(Task to carry out)
When you reach the line with "Johnny Reb box art for Commodore 64", start repeating the lines exactly and keep going to the end of the records, but drop every picture.
:::
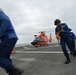 U.S. Coast Guard Cutter Bertholf conducts underway replenishment with the USNS Amelia Earhart in the East China Sea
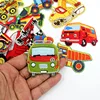 Детские железные нашивки с мультяшными машинками и грузовиками, вышивка одежды, Высококачественные швейные нашивки для детей, Значки для о... ► Фото 3/6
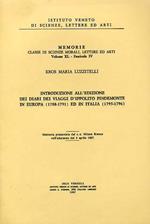 Introduzione all'edizione dei diari dei viaggi d'Ippolito Pindemonte in Europa ( 1788. 1791 ) ed in Italia ( 1795. 1796 )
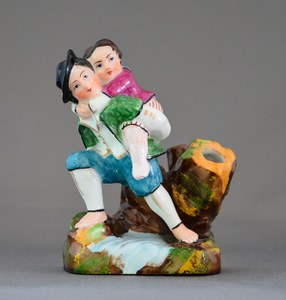  Céramique d'Andenne - Donation Weber-Amy n°273  – Enfants passant un ru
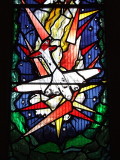 The 398th.Bomb Group Memorial Window;a detail.
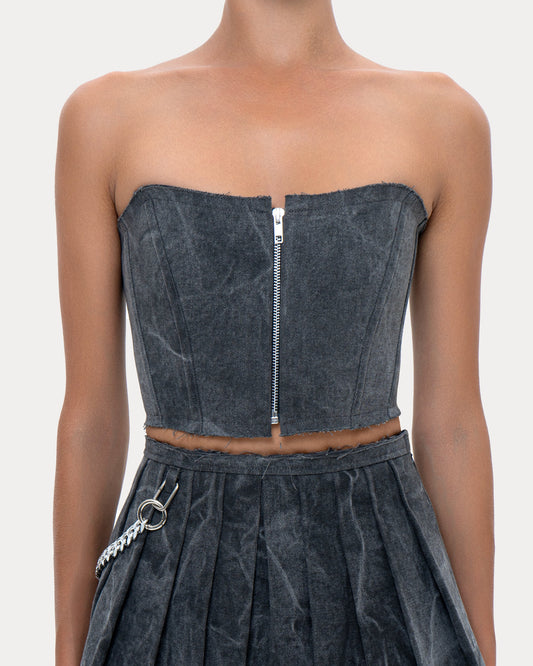 Corset "Short" grey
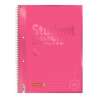 Collegeblock Premium Student Colour Code | A4, Lineatur 27, 80 Blatt, tulip - Front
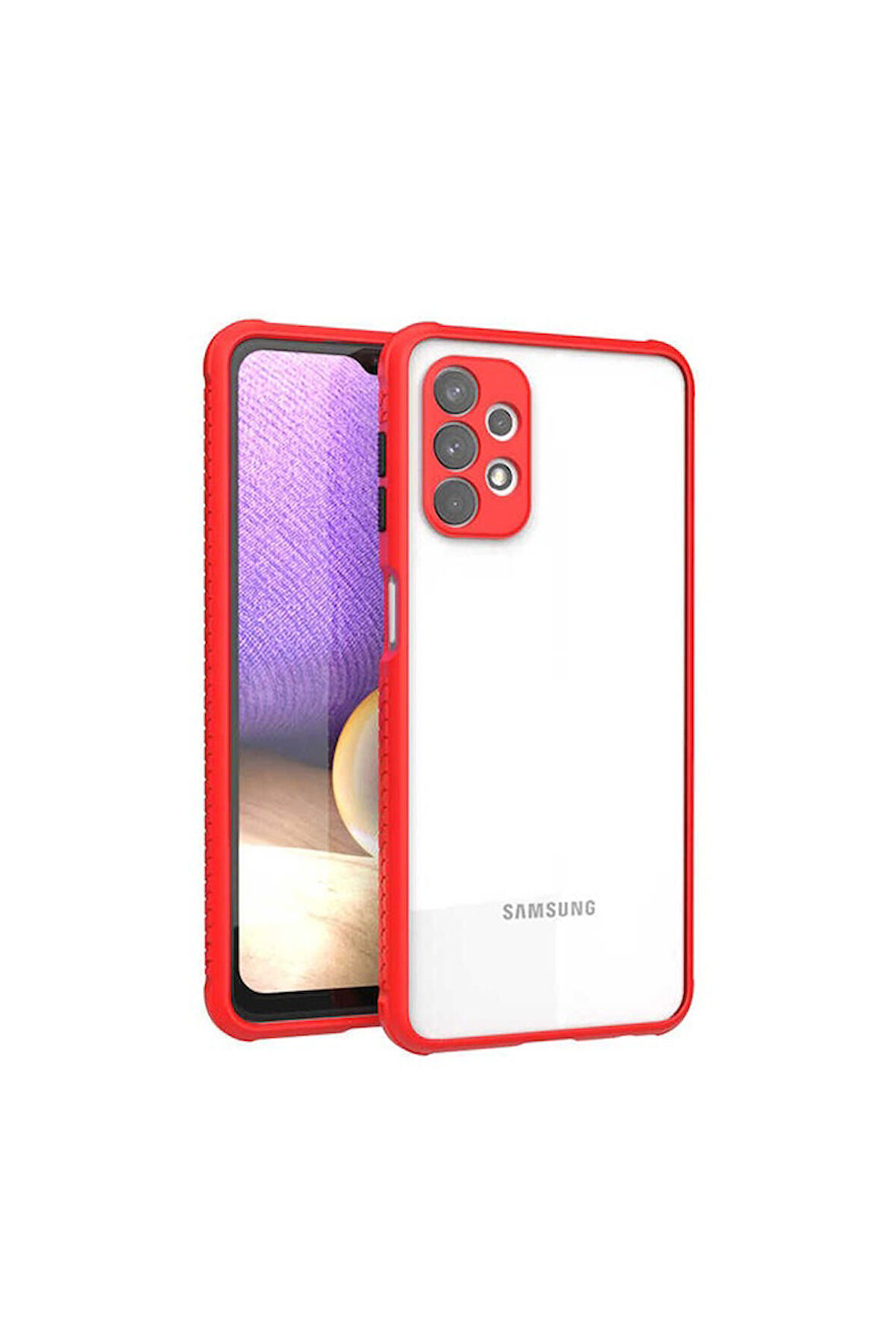 Samsung Galaxy A32 4G Uyumlu Kılıf Kaff Kapak Kırmızı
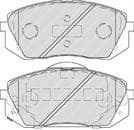 Pieza FDB4194 FERODO Pastillas de freno delanteras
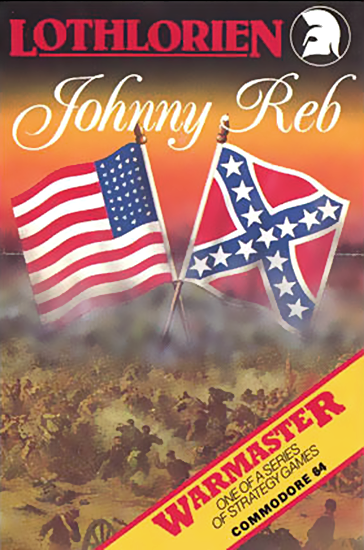 Johnny Reb box art for Commodore 64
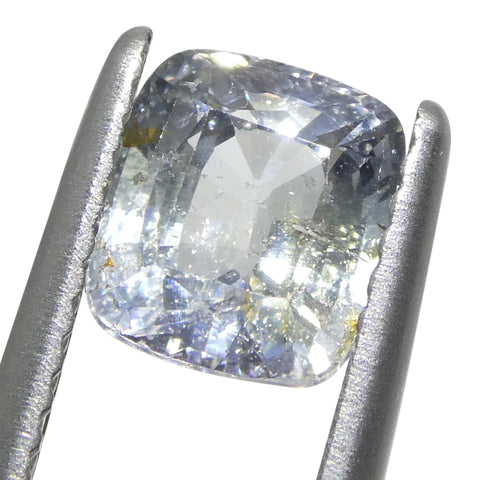 2.17ct Cushion Icy Blue Sapphire from Tanzania Unheated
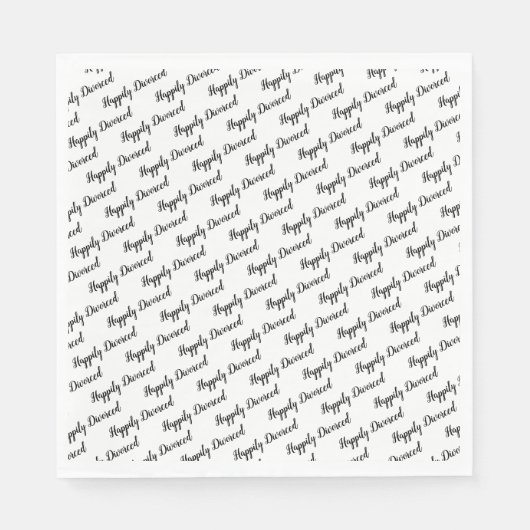 Party der Scheidung Serviette (Vorderseite)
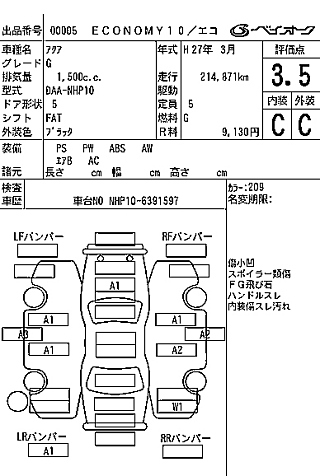 TOYOTA AQUA 2015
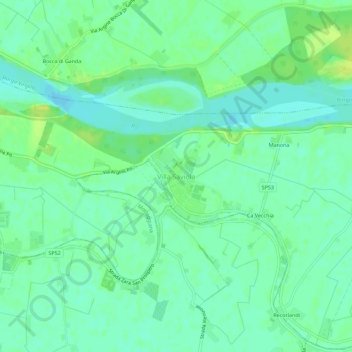 Villa Saviola topographic map, elevation, terrain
:::
(Reply to the task)
 Johnny Reb box art for Commodore 64
 2.17ct Cushion Icy Blue Sapphire from Tanzania Unheated
 Party der Scheidung Serviette (Vorderseite)
 TOYOTA AQUA 2015
 Villa Saviola topographic map, elevation, terrain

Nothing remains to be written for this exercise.